Excluding pictures, what does the listing below contain from the line with "Colgante para bebe de figuras de estambre" up to and including the line with "사고가 난 체르노빌 원전", word for word?

Data extracts below:

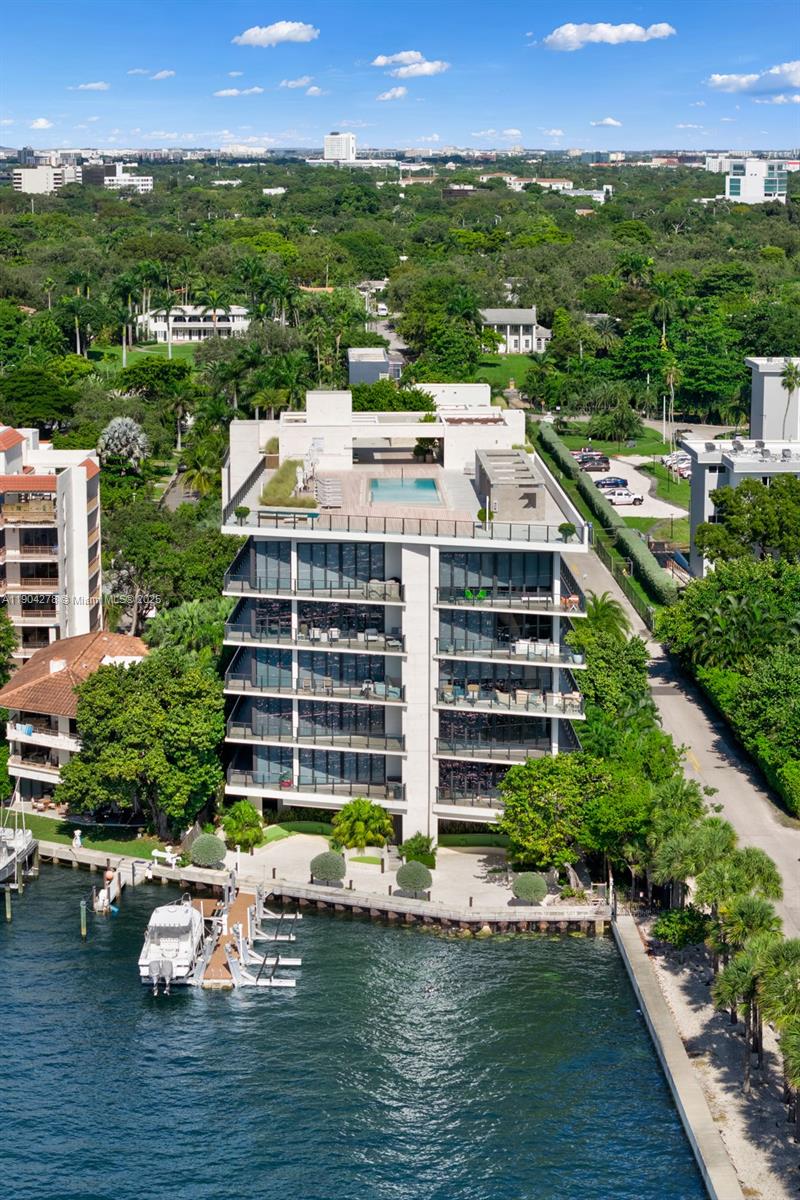 3581 E Glencoe St #501, Miami FL 33133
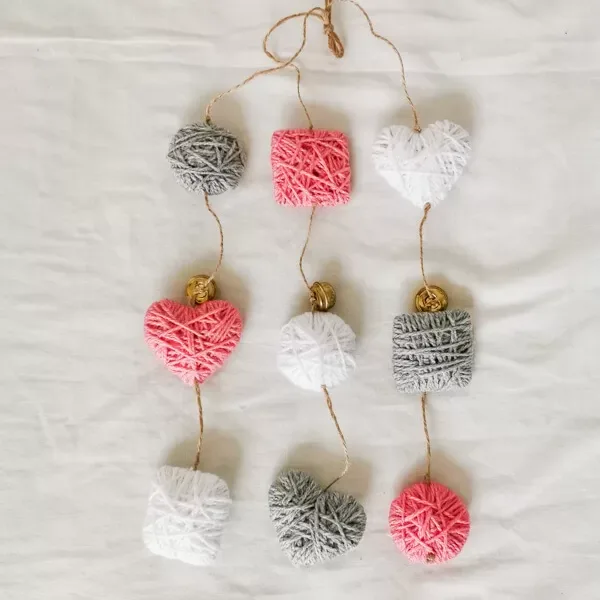 Colgante para bebe de figuras de estambre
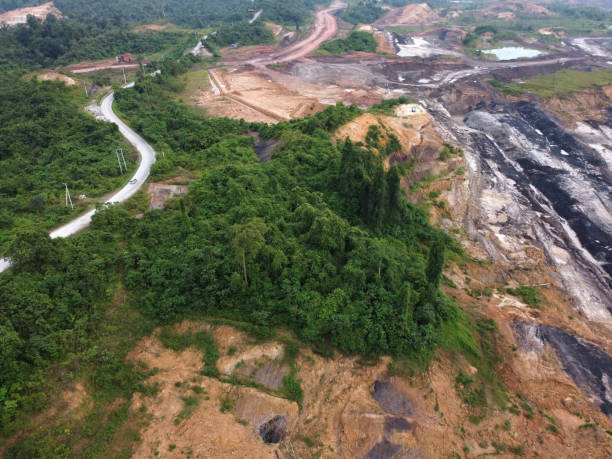 deslizamentos de terra na estrada transprovincial devido a atividades de mineração de carvão - kalimantan - fotografias e filmes do acervo
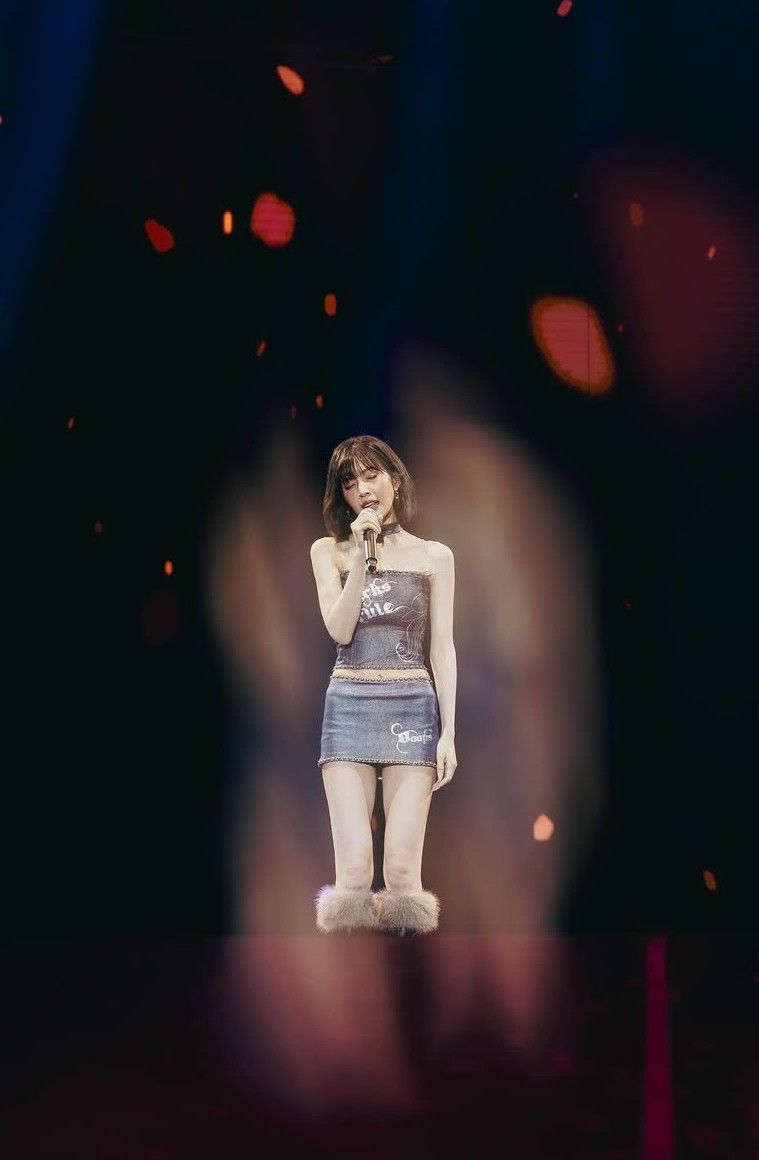 A moment captured by Joy (Red Velvet)'s fan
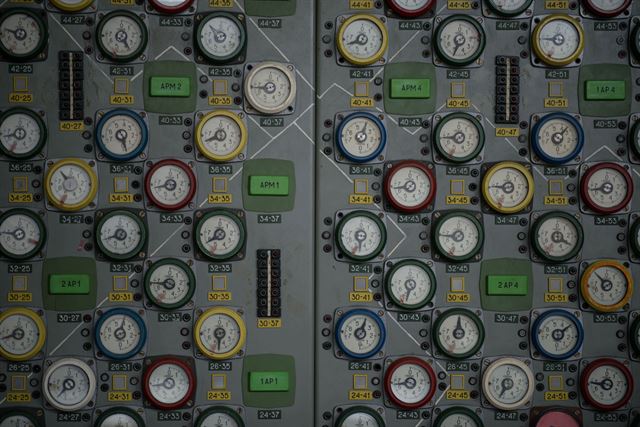 사고가 난 체르노빌 원전 4호기와 같은 구조의 2호기 제어실 내부. 각 미터기는 제어봉 하나하나의 온도를 표시한다. 피에르 엠마뉴엘 델레트헤 프리랜서기자 pe.deletree@gmail.com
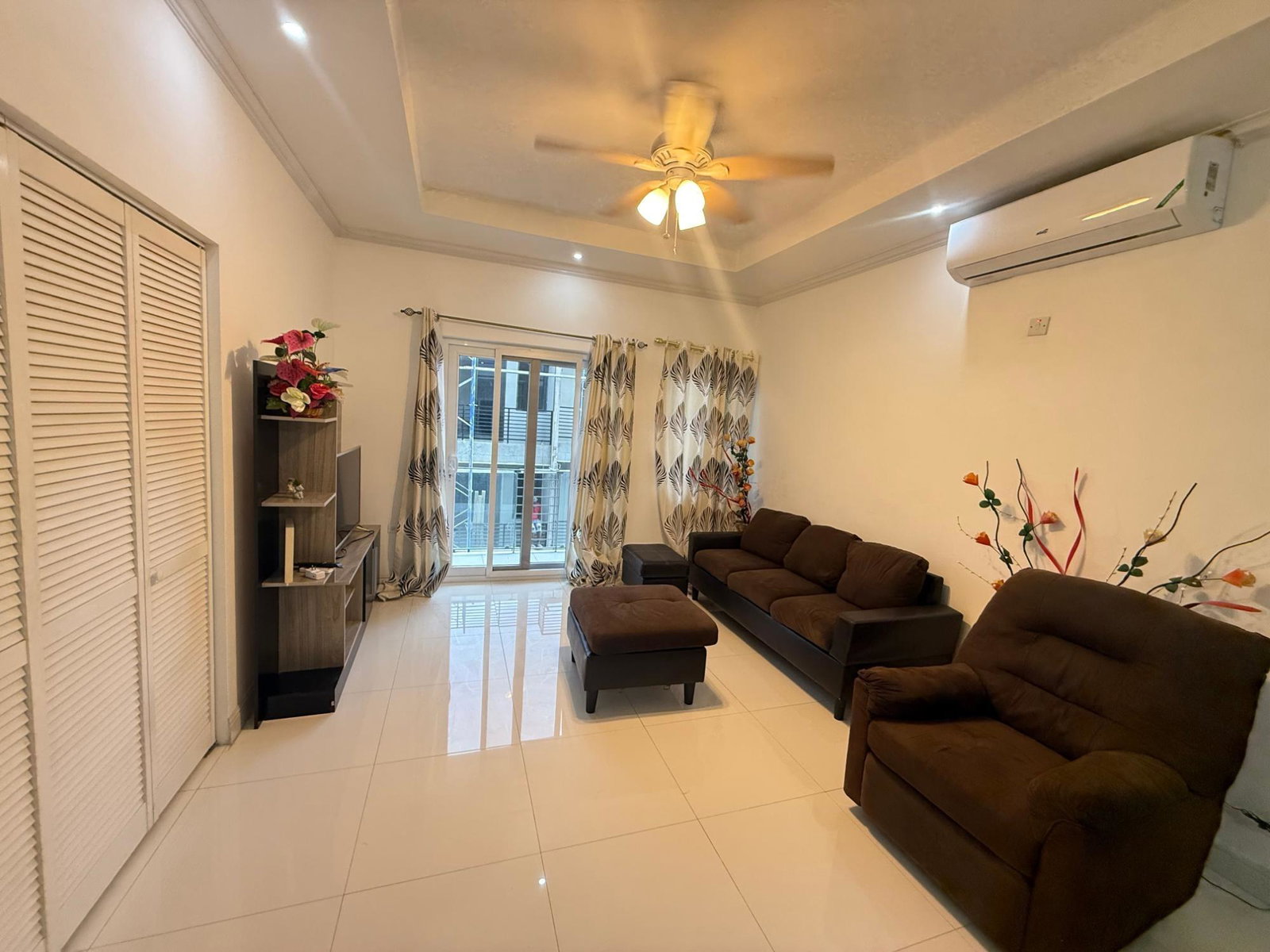 Seventh image of 10-6 Kempton Ave in Kingston 10, St. Andrew, Jamaica - property is For Rent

End of Data extracts.

- Answer to this task:
 Colgante para bebe de figuras de estambre
 deslizamentos de terra na estrada transprovincial devido a atividades de mineração de carvão - kalimantan - fotografias e filmes do acervo
 A moment captured by Joy (Red Velvet)'s fan
 사고가 난 체르노빌 원전 4호기와 같은 구조의 2호기 제어실 내부. 각 미터기는 제어봉 하나하나의 온도를 표시한다. 피에르 엠마뉴엘 델레트헤 프리랜서기자 pe.deletree@gmail.com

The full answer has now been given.